I am the unhappy widow of Major James Cox who fell in his country’s cause at German Town on 4 October 1777. By industry we lived comfortably. His spare cash he laid out in lands from which now I can reap no benefit. His own cash he left with me did not exceed £50 and the public money which he had to pay off his company was lost at his death which I have since refunded. I have five small children to maintain. I expected the benefit of the law in that case provided. Consequently six months after my husband’s death I applied to the Orphan’s Court. They put me off to the next session [?]. I applied again [and] they granted me half pay for eight months in which time I sold all my spare furniture and part of my stock raised a little cash and went to shop-keeping. I found I could not keep my stock good which I began with; I again applied to the Court their reply was you are making money fast and we don’t think you are entitled to the benefit of that law. Sir, it is truly distressing to a mind not entirely depraved to beg and to dig I am not ashamed though my natural strength will not admit of it.

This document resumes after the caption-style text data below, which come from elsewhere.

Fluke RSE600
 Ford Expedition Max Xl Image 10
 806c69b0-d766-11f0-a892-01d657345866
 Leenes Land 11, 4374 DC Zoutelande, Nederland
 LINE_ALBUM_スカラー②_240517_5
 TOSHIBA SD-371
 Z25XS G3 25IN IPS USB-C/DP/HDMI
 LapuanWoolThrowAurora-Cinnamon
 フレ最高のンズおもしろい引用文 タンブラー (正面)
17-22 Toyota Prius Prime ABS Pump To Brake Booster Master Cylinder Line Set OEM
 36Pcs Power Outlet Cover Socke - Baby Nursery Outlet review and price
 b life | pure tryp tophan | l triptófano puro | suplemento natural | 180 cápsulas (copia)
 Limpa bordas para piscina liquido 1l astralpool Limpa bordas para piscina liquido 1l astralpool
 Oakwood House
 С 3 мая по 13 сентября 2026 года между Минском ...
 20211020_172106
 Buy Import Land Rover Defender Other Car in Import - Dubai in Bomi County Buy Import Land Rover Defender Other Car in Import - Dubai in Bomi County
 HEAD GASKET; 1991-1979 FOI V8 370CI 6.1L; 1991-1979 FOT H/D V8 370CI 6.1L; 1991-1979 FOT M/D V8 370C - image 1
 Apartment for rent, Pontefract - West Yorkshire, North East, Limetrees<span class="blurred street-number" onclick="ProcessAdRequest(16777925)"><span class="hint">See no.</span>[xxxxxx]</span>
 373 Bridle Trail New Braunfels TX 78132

Now sir, as you are the guardian of this state and more especially of the widow and fatherless I will expect a few lines from you informing me whether I may expect the benefit of the law or not—I have three sons and two daughters, all promising children, would be glad they might be properly educated and instructed to get a living in a genteel way which cannot be the case without assistance. Now Sir when you consider the irreparable loss I have sustained by the death of the best of husbands, the weak infirm state of my body and numerous helpless family to provide for and the [amazing?] prices of the necessaries of life, I say when you consider these things I doubt not but you will do everything in your power to alievate such distresses and as in duty bound I will for your welfare ever pray.
** Eric Foner, Give Me Liberty! An American History (New York: W. W. Norton, 2006), page 160.
Of note is the fact that the money Major Cox had in his possession to pay his troops was lost at his death. His wife made good on that amount. It is also interesting that Cox was enterprising enough to set up shop to support herself although she failed, not making enough money to replenish her stock. She found herself in dire straits and was not ashamed to beg for assistance.